■ **Action item**
Extract verbatim every line from the one containing "round, gothic, wicca" to the final line of the records below, inclusive, and exclude all pictures.
━━━━━━━━
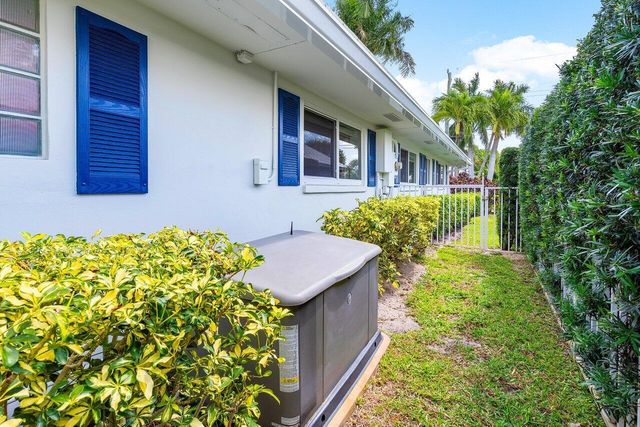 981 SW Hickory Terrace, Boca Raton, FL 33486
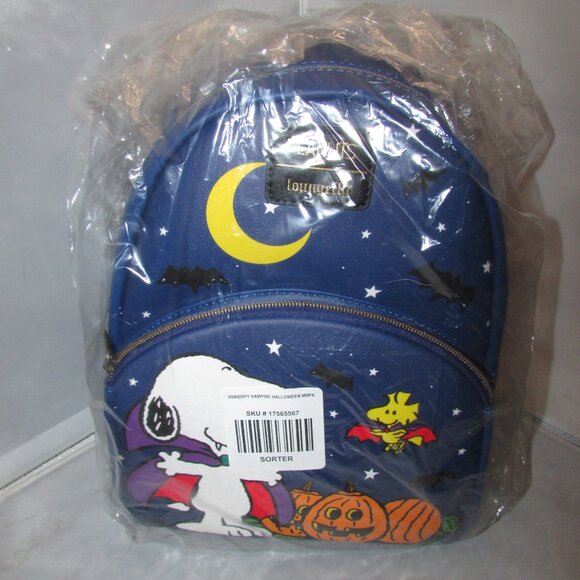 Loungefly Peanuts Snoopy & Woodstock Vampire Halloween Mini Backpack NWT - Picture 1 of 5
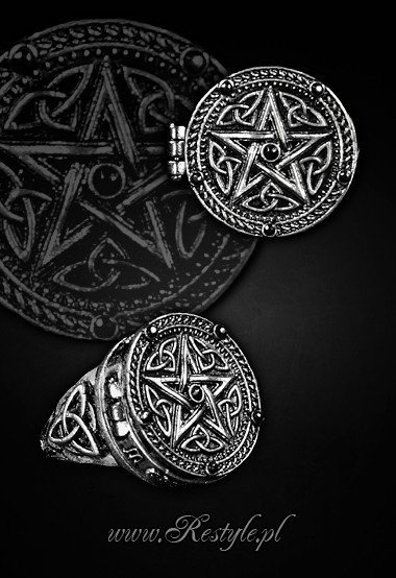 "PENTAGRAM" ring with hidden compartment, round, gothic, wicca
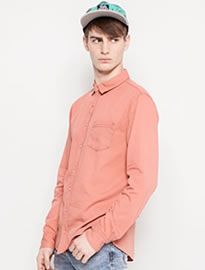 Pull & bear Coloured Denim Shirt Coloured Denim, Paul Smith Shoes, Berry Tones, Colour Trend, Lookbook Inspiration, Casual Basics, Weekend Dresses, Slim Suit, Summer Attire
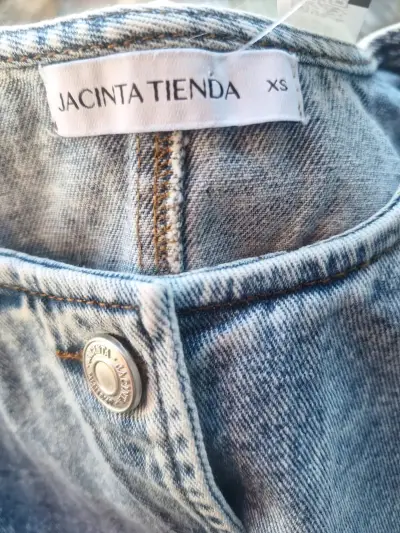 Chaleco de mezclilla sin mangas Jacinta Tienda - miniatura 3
━━━━━━━━
■ **Answer for this exercise**
 "PENTAGRAM" ring with hidden compartment, round, gothic, wicca
 Pull & bear Coloured Denim Shirt Coloured Denim, Paul Smith Shoes, Berry Tones, Colour Trend, Lookbook Inspiration, Casual Basics, Weekend Dresses, Slim Suit, Summer Attire
 Chaleco de mezclilla sin mangas Jacinta Tienda - miniatura 3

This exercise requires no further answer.